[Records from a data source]
┌────────

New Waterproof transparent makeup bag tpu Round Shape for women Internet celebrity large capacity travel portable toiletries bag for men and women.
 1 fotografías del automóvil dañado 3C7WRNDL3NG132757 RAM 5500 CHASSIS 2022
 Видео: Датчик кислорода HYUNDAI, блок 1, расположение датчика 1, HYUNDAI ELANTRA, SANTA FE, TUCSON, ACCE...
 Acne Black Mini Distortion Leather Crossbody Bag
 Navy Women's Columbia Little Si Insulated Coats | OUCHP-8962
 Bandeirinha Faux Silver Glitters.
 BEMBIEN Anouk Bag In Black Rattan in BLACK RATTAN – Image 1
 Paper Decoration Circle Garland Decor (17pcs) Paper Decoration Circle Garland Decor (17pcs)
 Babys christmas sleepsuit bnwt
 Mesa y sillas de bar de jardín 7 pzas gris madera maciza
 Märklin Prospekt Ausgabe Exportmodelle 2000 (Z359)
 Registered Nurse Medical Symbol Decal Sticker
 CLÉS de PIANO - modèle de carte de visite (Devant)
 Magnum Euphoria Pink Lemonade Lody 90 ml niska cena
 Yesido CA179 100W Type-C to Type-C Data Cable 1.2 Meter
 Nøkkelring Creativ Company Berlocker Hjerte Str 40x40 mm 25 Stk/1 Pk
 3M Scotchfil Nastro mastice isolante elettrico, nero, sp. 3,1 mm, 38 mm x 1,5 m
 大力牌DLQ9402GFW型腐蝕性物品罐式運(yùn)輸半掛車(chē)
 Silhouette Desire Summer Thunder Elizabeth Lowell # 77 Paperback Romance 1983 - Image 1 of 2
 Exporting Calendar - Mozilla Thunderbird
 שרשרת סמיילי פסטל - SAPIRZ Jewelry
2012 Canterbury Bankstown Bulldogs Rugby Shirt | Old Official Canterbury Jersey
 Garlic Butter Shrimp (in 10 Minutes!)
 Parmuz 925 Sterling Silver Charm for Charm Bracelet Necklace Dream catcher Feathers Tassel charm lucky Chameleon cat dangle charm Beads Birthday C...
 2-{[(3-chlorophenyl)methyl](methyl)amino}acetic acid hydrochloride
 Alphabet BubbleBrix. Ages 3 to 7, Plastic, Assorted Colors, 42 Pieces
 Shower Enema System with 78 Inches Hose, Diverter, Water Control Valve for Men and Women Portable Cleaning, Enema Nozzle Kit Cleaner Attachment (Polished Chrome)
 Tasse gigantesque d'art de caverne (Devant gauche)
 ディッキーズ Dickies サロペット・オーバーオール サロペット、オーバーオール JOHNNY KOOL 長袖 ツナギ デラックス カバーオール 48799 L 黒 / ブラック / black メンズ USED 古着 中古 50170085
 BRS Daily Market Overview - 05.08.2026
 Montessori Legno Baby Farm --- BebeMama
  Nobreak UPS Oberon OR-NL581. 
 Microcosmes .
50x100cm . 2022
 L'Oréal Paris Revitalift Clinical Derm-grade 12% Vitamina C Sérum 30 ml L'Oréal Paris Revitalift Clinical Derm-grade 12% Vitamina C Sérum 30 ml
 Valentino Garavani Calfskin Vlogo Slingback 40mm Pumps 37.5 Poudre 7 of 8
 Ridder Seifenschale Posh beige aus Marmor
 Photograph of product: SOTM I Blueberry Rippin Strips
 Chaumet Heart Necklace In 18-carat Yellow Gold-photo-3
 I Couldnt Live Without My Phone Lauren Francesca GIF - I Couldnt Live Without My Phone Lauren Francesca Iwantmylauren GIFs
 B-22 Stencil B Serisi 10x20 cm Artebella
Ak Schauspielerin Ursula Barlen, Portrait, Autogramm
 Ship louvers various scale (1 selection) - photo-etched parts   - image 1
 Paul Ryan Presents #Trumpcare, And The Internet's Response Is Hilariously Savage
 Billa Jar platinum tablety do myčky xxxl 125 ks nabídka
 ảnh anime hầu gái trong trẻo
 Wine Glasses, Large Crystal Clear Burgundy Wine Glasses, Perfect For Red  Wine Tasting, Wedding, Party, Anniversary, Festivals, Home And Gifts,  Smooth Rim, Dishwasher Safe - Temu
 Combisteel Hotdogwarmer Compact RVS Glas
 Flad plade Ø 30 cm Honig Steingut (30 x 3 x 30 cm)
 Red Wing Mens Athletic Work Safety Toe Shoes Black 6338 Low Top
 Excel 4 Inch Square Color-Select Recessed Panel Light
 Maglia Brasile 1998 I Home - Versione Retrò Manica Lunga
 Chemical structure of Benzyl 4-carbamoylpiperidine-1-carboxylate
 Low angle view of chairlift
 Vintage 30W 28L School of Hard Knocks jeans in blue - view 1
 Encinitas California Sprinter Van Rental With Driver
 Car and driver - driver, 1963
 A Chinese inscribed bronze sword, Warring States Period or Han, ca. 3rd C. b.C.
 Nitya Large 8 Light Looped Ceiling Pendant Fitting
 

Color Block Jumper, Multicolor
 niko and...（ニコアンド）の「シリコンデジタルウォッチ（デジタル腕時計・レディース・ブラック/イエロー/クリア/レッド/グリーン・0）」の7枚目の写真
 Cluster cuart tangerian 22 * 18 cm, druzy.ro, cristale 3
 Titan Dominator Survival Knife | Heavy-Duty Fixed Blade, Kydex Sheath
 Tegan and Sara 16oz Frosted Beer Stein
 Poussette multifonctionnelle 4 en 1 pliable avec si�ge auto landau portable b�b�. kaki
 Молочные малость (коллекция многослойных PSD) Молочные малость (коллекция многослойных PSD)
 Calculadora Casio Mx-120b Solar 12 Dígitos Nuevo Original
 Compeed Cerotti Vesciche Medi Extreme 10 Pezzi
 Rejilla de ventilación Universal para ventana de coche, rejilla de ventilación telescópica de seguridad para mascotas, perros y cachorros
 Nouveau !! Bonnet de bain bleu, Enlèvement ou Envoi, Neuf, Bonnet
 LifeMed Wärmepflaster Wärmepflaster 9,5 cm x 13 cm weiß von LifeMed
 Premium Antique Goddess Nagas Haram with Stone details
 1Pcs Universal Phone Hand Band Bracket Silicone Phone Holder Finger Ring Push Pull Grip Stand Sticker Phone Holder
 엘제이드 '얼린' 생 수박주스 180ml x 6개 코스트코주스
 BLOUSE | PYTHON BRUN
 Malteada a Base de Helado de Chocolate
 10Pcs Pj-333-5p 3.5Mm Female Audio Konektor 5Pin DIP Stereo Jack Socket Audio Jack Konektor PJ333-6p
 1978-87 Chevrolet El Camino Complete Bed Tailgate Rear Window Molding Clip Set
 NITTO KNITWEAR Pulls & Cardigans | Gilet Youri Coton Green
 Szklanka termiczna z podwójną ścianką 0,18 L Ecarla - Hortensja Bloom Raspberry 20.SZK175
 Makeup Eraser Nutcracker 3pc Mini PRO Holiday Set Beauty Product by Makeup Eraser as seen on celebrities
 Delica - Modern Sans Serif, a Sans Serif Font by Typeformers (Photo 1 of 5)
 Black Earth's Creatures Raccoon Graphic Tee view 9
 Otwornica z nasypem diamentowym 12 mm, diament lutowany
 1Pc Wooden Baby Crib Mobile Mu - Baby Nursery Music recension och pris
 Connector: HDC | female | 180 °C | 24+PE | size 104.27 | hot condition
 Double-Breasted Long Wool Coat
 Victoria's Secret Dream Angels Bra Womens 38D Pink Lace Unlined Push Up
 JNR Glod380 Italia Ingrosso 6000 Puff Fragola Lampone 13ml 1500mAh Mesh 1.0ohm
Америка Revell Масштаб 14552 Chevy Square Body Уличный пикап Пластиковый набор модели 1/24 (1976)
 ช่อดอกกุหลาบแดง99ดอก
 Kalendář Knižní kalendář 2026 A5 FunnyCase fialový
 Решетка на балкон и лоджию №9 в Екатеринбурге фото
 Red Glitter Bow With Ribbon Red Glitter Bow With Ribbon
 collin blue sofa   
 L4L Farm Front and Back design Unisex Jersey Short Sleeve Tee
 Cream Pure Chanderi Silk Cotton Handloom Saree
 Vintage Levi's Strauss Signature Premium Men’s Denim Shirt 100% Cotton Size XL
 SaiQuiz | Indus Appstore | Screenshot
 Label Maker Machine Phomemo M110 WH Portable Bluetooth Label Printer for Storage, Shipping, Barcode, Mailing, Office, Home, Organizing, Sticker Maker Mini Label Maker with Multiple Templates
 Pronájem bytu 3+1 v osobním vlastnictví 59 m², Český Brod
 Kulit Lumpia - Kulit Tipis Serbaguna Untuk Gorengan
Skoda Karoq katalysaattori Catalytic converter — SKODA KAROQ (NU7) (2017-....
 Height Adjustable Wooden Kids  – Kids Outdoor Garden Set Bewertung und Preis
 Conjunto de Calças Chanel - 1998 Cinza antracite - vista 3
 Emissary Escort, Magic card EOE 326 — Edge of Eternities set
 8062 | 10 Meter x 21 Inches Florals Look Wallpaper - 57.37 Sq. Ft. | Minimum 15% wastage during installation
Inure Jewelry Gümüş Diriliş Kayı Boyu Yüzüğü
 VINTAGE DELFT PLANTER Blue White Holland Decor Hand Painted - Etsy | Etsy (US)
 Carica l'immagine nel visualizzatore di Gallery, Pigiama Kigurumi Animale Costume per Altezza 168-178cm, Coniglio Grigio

└────────

• _How to complete this task_: Take the stretch of lines above from the one containing "Label Maker Machine" through the one containing "Pronájem bytu 3+1" and repeat it exactly, adding no other line.

• _Exercise solution_:
 Label Maker Machine Phomemo M110 WH Portable Bluetooth Label Printer for Storage, Shipping, Barcode, Mailing, Office, Home, Organizing, Sticker Maker Mini Label Maker with Multiple Templates
 Pronájem bytu 3+1 v osobním vlastnictví 59 m², Český Brod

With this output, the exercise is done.